Per questo bisogna intervenire. Accanto alla riduzione del costo del lavoro, che è una misura urgentissima, vanno affrontati due nodi storici: la riorganizzazione dei servizi per il lavoro, valorizzando il link pubblico-privato, e il deciso cambio di rotta nella formazione. Le evidenzio questi numeri. Un recente studio della commissione Ue ha stimato che entro il 2020 ci saranno 900mila posti non occupati per mancanza di competenze specifiche (erano 275mila nel 2012). E soltanto il 3-4% degli utenti che si sono rivolti a un centro per l’impiego è riuscito a trovare lavoro. Ecco, c’è molto da fare. Per migliorare i centri per l’impiego anziché puntare sui navigator, che nella migliore delle ipotesi hanno una scarsa conoscenza del mercato del lavoro, sarebbe più utile acquisire dal modello inglese la figura del tutor, chiamato personale advisor, che può essere svolta da un manager di esperienza, anche neopensionato. Quanto alle politiche educative, occorre rilanciare, istituti tecnici, Its e lauree Stem, e spingere sull’alternanza. La riduzione di ore e fondi alla scuola-lavoro è stata un grave errore.

In più c’è da fare i conti con il 4.0…

Non c’è dubbio. Il lavoro non sta scomparendo sta solo cambiando volto. E in questo scenario il ruolo del manager è determinante per tutte le imprese italiane in quanto “abilitato” a governare il processo di trasformazione in atto nelle aziende. I fondi, 75 milioni di euro nel triennio 2019-2021, inseriti nell’ultima legge di Bilancio per avvalersi di innovation manager, sono stati un passo positivo, ma la cifra va incrementata. Importante è anche lo smart working: se fosse applicato a 1,3 milioni di lavoratori, rispetto agli attuali 2/300mila, potremmo ottenere un recupero di circa 4 miliardi di euro all’anno che va ad incidere positivamente sulla produttività. Servono, inoltre, politiche di welfare aziendale in favore di una maggiore integrazione tra vita e lavoro. Noi ci abbiamo creduto: nell’ultimo rinnovo contrattuale tra Federmanager e Confindustria è stato inserito un articolo ad hoc su pari opportunità e conciliazione.

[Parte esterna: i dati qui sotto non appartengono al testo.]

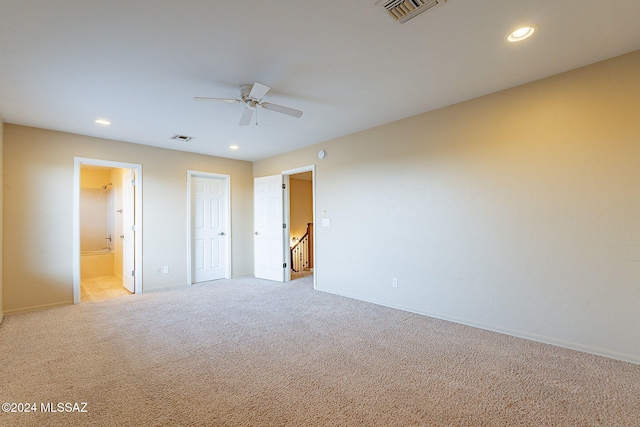 unfurnished bedroom with connected bathroom, ceiling fan, and light carpet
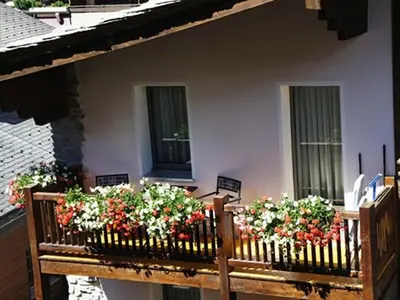 Ein Balkon oder eine Terrasse in der Unterkunft Alpine Lodge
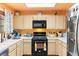 Well-lit kitchen with white cabinets and black appliances, including a gas range and microwave at 2851 S Valley View Blvd # 1071, Las Vegas, NV 89102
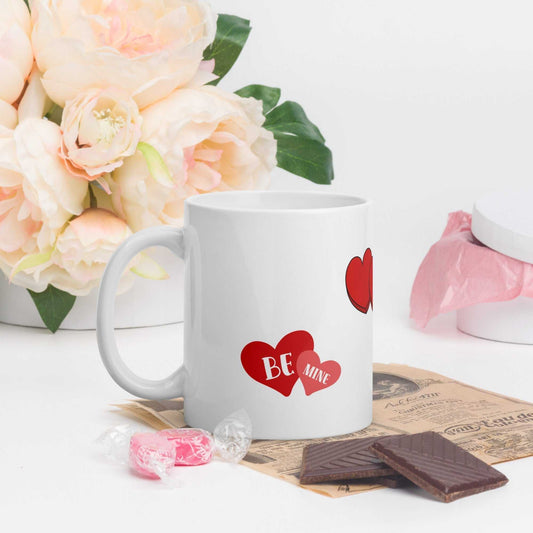 11 oz ceramic Valentine mug with red heart and 'Be Mine' design, placed beside flowers and chocolates, ideal for romantic gifting.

Ha parlato anche di infrastrutture…

Certo. È l’altra pre-condizione per lo sviluppo economico, accanto a formazione e lavoro. Bisogna sbloccare i cantieri. Penso in particolare al Sud. Anche qui i numeri sono chiari. Il 40% di tutto l’import ed export italiano parte e arriva “via nave”; dato che lievita al 60% man mano che si scende dal Nord lungo le coste e le isole, dove operano circa 200mila imprese. La posizione del nostro paese può spingere a creare una piattaforma logistica intermodale mare-terra in grado di catturare flussi di traffico e di realizzare servizi. Per questo, è necessario potenziare, ad esempio, le strutture portuali che possano candidare il Meridione a costituire il naturale polo logistico dell’area sud-europea.